Each line in the records below, from the one that contains "쌍용 렉스턴 스포츠 칸-쉐보레 콜로라도 비교 시승기" to the one that contains "New 2026 GMC Terrain Denali AWD/4WD image 27", should be reproduced exactly, the first and last included.

* **RECORDS SHOWN**
-----
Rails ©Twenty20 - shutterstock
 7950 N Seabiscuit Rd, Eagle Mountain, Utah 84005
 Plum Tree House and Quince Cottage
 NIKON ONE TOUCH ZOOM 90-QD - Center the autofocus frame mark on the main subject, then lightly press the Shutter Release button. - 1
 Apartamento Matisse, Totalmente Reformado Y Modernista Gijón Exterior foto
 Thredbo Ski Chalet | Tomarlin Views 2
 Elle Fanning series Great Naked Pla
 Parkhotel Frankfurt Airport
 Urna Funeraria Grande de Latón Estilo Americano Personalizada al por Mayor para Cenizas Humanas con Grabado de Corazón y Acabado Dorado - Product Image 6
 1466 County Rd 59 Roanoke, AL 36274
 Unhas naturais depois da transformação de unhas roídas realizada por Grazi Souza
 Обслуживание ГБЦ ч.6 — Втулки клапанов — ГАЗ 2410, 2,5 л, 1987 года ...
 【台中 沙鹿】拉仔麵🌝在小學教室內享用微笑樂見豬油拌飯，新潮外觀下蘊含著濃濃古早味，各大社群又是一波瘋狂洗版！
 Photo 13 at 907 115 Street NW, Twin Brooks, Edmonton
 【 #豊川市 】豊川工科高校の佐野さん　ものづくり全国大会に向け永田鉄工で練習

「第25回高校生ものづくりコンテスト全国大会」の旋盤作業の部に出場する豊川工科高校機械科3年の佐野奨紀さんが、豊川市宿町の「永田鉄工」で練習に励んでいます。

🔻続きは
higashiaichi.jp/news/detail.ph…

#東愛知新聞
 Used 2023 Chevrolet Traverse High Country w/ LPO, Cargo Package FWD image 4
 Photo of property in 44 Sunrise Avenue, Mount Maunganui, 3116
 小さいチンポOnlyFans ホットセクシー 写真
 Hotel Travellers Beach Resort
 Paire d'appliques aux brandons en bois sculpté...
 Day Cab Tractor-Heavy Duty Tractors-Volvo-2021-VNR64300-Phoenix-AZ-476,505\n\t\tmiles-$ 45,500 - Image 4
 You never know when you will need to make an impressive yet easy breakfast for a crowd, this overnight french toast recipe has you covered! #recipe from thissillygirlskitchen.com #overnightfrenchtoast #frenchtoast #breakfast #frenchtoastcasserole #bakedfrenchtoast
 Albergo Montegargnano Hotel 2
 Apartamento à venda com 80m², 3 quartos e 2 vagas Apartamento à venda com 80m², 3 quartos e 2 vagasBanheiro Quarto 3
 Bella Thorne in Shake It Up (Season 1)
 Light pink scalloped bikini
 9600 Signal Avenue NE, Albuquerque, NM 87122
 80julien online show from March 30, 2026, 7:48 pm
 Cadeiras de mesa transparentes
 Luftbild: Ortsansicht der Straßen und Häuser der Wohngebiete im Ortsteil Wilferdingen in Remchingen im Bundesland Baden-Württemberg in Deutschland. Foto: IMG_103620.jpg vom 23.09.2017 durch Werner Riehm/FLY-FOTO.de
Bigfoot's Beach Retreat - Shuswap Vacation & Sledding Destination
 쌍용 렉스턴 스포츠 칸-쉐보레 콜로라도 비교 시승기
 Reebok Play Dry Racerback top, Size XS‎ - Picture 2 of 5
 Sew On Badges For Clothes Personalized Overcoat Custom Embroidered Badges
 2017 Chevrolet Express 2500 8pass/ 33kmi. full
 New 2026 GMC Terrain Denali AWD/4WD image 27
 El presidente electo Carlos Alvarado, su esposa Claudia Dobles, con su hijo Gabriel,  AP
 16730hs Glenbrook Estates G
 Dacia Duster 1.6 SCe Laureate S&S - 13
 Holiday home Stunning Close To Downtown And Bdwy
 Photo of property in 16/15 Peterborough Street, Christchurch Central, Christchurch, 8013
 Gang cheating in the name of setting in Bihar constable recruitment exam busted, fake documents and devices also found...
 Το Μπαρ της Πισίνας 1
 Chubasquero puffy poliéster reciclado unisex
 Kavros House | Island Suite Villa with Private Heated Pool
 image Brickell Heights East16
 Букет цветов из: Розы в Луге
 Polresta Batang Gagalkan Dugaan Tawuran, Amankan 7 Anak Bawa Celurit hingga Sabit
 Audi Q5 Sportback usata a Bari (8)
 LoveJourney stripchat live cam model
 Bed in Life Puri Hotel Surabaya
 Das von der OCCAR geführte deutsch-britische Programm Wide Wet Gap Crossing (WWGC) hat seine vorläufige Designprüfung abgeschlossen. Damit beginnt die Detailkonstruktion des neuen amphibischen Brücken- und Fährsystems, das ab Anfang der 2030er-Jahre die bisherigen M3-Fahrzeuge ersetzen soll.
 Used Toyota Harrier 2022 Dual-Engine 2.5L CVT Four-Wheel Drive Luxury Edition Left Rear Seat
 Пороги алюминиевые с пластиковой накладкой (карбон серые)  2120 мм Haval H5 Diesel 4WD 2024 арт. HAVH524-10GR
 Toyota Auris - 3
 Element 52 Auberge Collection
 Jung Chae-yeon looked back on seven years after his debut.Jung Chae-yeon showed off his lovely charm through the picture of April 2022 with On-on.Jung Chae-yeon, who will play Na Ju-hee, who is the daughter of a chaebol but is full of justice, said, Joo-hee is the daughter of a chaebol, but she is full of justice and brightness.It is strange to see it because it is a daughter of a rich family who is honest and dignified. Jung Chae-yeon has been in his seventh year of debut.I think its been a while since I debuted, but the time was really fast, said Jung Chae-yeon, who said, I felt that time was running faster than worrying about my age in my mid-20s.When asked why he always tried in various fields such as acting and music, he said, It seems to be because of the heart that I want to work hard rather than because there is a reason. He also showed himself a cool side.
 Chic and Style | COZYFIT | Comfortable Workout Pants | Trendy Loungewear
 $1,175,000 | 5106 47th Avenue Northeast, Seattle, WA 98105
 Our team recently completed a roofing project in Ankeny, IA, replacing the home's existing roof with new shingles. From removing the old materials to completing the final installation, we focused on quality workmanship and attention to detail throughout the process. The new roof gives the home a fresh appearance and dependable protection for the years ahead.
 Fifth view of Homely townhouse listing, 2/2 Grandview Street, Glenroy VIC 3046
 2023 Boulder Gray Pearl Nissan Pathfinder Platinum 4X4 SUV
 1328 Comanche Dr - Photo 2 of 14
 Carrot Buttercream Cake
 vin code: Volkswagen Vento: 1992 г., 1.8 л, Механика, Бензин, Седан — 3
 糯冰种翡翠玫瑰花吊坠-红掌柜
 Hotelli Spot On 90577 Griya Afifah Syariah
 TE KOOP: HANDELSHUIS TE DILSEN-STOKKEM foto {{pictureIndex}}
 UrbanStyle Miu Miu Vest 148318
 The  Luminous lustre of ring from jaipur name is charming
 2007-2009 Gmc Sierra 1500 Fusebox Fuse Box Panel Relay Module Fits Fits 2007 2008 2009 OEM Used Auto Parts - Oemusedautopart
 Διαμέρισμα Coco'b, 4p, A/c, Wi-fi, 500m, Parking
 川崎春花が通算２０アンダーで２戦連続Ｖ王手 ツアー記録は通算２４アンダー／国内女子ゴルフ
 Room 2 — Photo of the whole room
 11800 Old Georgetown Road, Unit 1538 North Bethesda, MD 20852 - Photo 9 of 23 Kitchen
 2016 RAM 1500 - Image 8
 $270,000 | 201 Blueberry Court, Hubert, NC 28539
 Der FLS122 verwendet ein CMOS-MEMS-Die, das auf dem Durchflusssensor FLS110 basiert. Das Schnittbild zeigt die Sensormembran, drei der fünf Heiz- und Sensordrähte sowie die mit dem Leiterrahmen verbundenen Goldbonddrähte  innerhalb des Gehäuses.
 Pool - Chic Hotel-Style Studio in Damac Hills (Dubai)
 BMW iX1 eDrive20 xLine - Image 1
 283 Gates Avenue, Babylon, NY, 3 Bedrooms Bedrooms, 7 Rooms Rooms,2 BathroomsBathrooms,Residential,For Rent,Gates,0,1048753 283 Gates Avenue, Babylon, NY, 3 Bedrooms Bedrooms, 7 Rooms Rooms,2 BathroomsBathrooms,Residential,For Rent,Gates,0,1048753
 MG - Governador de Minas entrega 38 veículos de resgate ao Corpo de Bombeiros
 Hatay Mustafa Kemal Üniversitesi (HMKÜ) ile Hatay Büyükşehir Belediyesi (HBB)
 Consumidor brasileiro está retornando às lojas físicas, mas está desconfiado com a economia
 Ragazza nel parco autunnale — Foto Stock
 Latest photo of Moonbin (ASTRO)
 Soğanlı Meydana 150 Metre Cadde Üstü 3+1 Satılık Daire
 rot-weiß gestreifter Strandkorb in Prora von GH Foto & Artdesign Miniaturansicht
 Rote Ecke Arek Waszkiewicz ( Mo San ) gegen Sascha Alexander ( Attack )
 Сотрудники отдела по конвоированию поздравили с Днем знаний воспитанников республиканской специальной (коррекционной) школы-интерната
-----
* **EXPECTED OUTPUT**
 쌍용 렉스턴 스포츠 칸-쉐보레 콜로라도 비교 시승기
 Reebok Play Dry Racerback top, Size XS‎ - Picture 2 of 5
 Sew On Badges For Clothes Personalized Overcoat Custom Embroidered Badges
 2017 Chevrolet Express 2500 8pass/ 33kmi. full
 New 2026 GMC Terrain Denali AWD/4WD image 27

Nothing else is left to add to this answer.